▶ _Description of the task_: Reproduce exactly, and only, the lines below from the one containing "2CNDL73F356190842 - 2005" through the one containing "Music Portable Battery".

▶ _Given data_:
▬▬▬

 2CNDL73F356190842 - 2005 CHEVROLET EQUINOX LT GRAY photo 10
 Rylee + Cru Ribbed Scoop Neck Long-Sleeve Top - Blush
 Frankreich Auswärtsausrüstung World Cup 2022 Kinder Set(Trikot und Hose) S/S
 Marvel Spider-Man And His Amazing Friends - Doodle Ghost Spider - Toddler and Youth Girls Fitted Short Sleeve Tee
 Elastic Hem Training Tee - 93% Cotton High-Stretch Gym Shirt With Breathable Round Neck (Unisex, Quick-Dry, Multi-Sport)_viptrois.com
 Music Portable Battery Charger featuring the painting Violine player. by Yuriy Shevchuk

▬▬▬

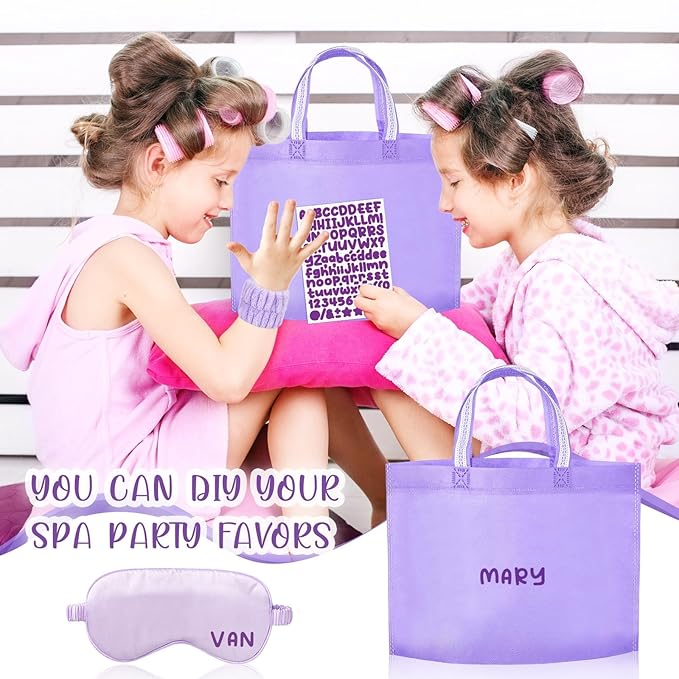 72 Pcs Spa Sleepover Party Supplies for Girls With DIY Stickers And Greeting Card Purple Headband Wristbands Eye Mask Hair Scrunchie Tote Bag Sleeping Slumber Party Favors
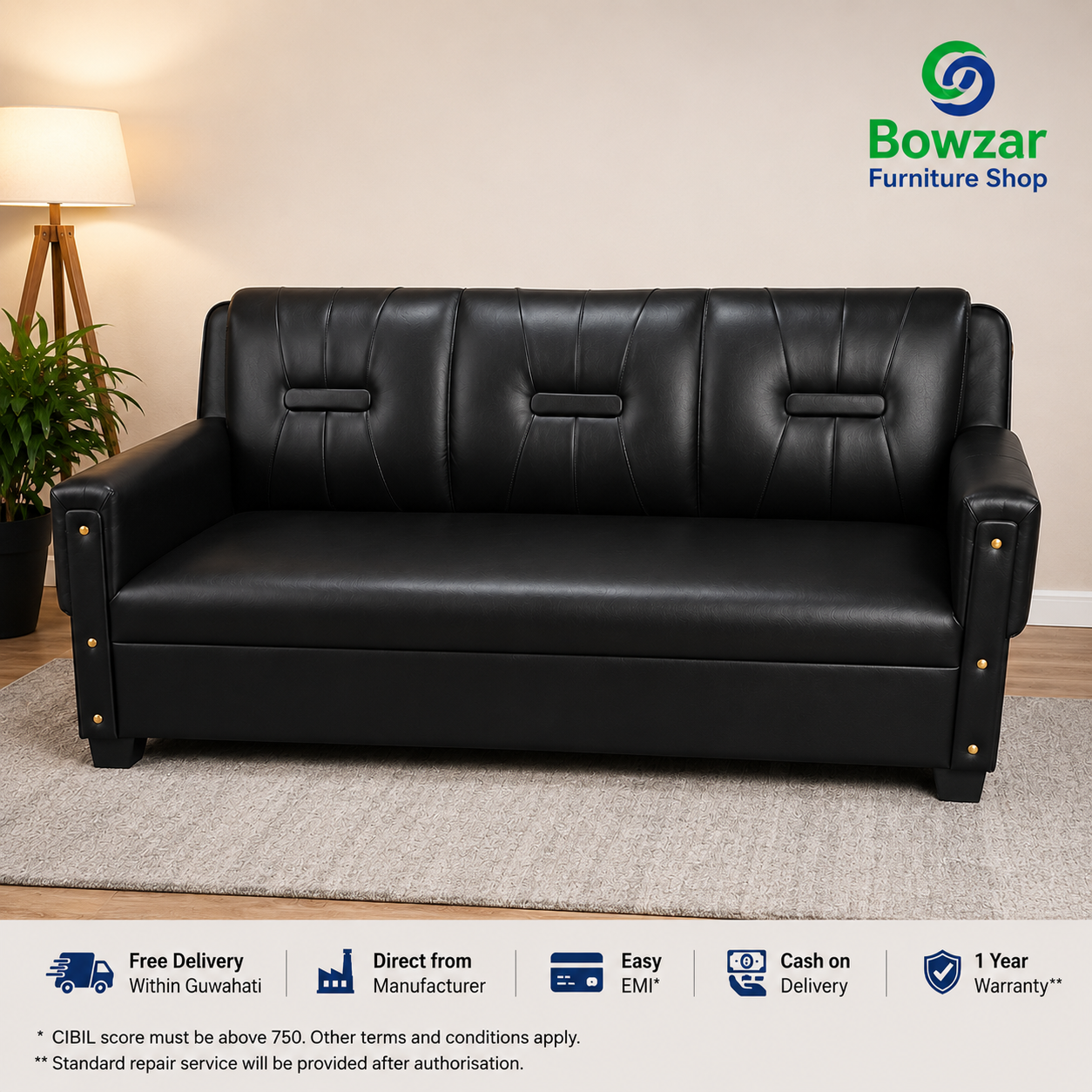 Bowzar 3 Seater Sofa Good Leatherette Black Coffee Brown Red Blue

▬▬▬

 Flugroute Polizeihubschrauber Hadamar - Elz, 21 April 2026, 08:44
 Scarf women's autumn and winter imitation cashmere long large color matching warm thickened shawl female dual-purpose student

▬▬▬

▶ _Finished task_:
 2CNDL73F356190842 - 2005 CHEVROLET EQUINOX LT GRAY photo 10
 Rylee + Cru Ribbed Scoop Neck Long-Sleeve Top - Blush
 Frankreich Auswärtsausrüstung World Cup 2022 Kinder Set(Trikot und Hose) S/S
 Marvel Spider-Man And His Amazing Friends - Doodle Ghost Spider - Toddler and Youth Girls Fitted Short Sleeve Tee
 Elastic Hem Training Tee - 93% Cotton High-Stretch Gym Shirt With Breathable Round Neck (Unisex, Quick-Dry, Multi-Sport)_viptrois.com
 Music Portable Battery Charger featuring the painting Violine player. by Yuriy Shevchuk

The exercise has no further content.